• _PROBLEM DETAILS_:
Set the listing down again exactly, please, apart from its pictures.

• _DATA SHOWN_:
· · ·
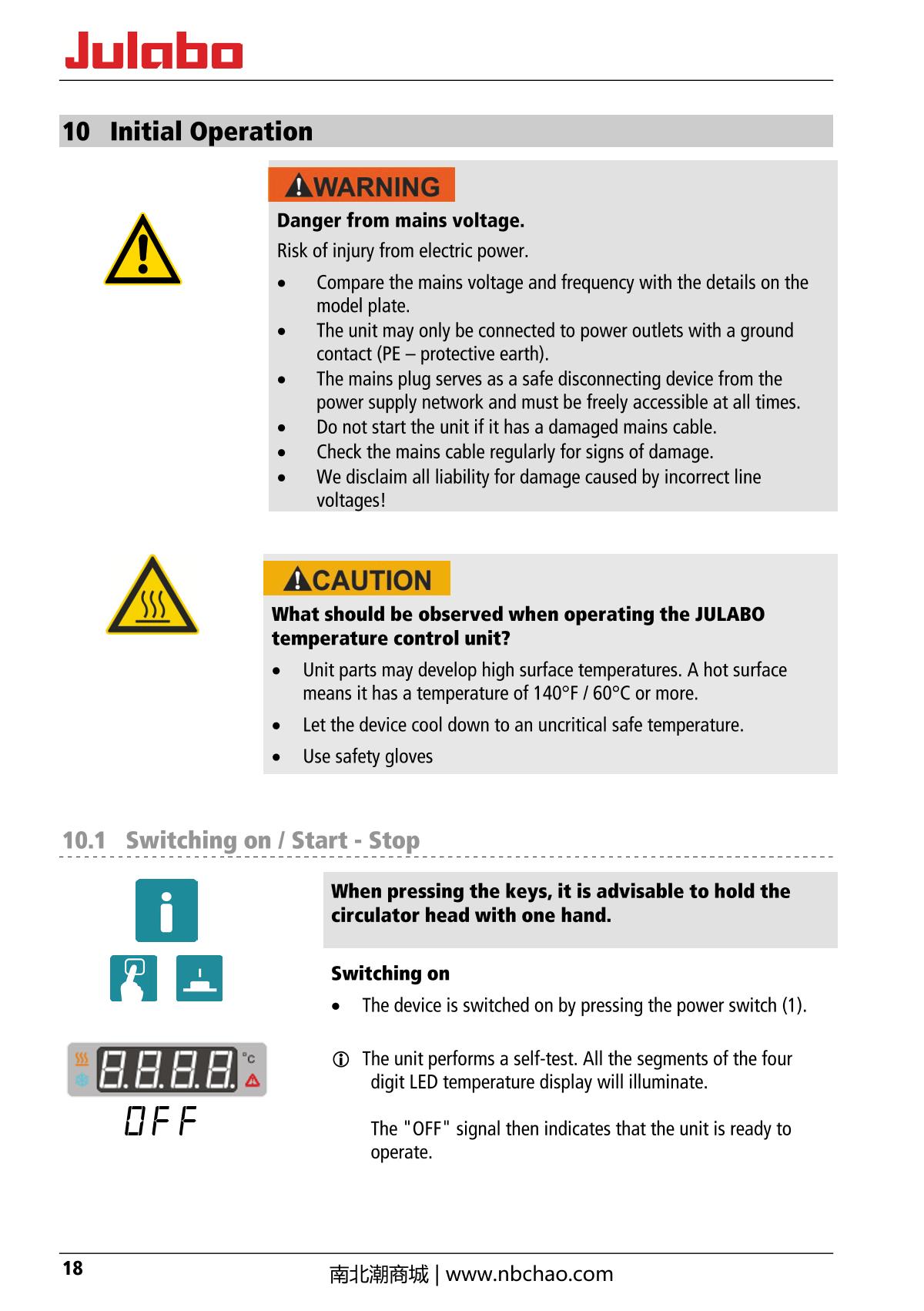 JULABO  Manual page 18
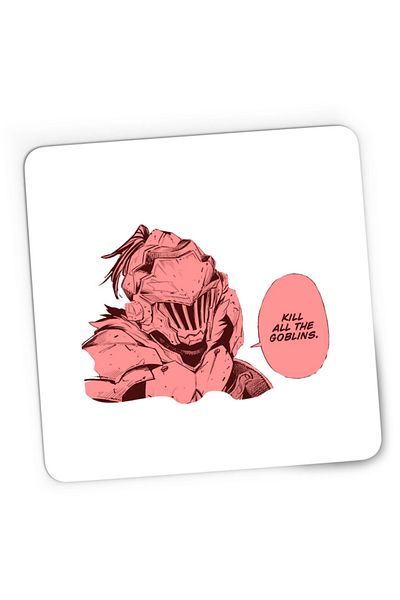 OEM Mousepad Gaming Goblin Slayer Kill Force Gore Anime Otaku Costume Armor, 21x19 cm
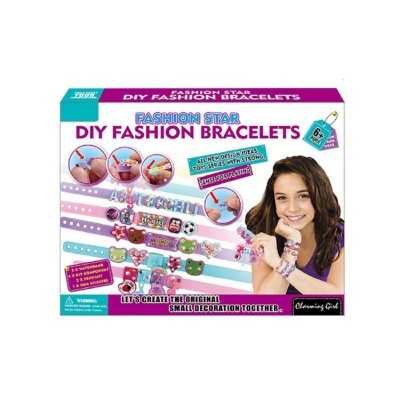 Set de belleza fashion star  DIY fabrica de pulseras x32 piezas Toyland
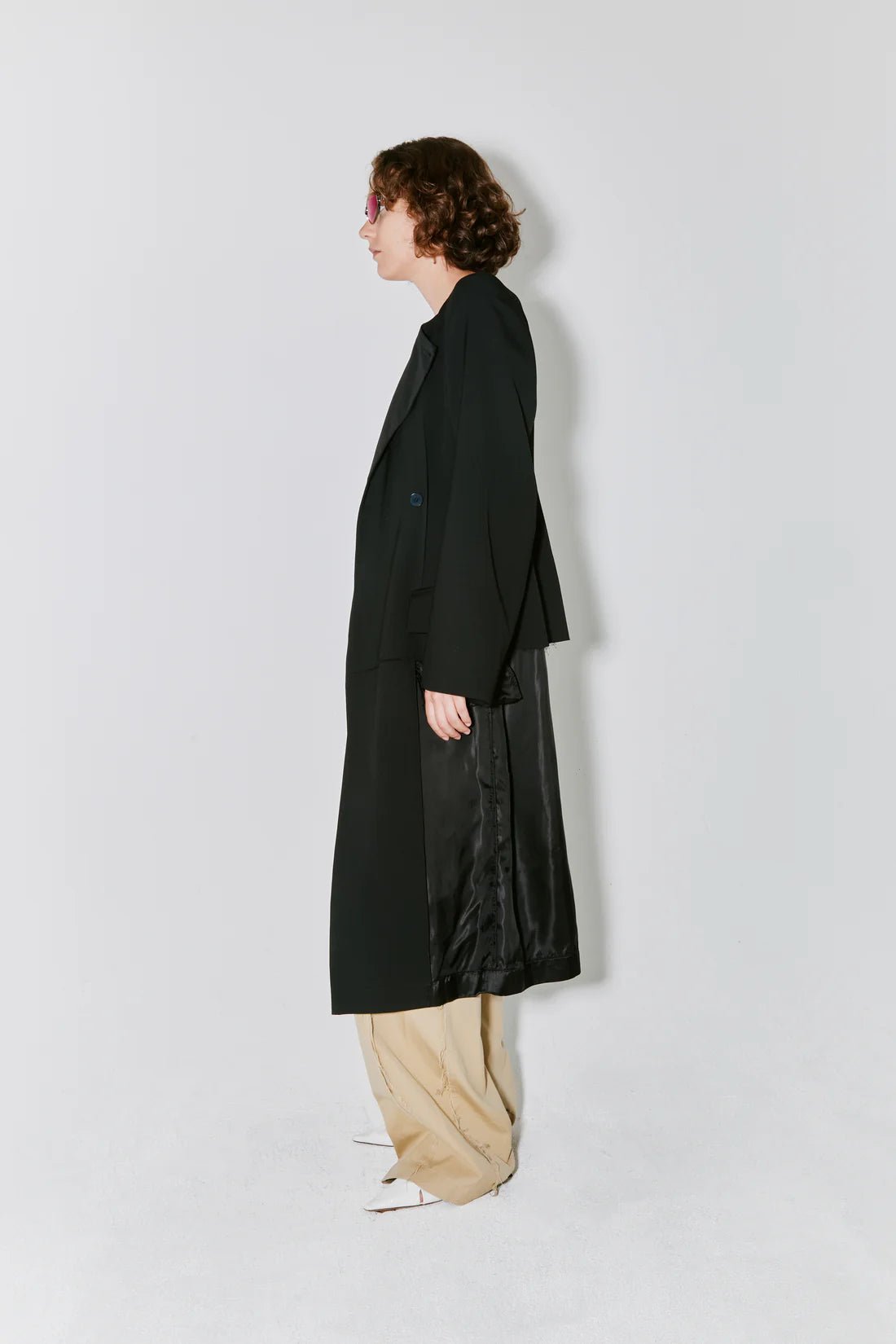 Façon Jacmin - Moa Fitted Coat - Black - Vestes et Manteaux - MOA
· · ·
• _TASK SOLUTION_:
 JULABO  Manual page 18
 OEM Mousepad Gaming Goblin Slayer Kill Force Gore Anime Otaku Costume Armor, 21x19 cm
 Set de belleza fashion star  DIY fabrica de pulseras x32 piezas Toyland
 Façon Jacmin - Moa Fitted Coat - Black - Vestes et Manteaux - MOA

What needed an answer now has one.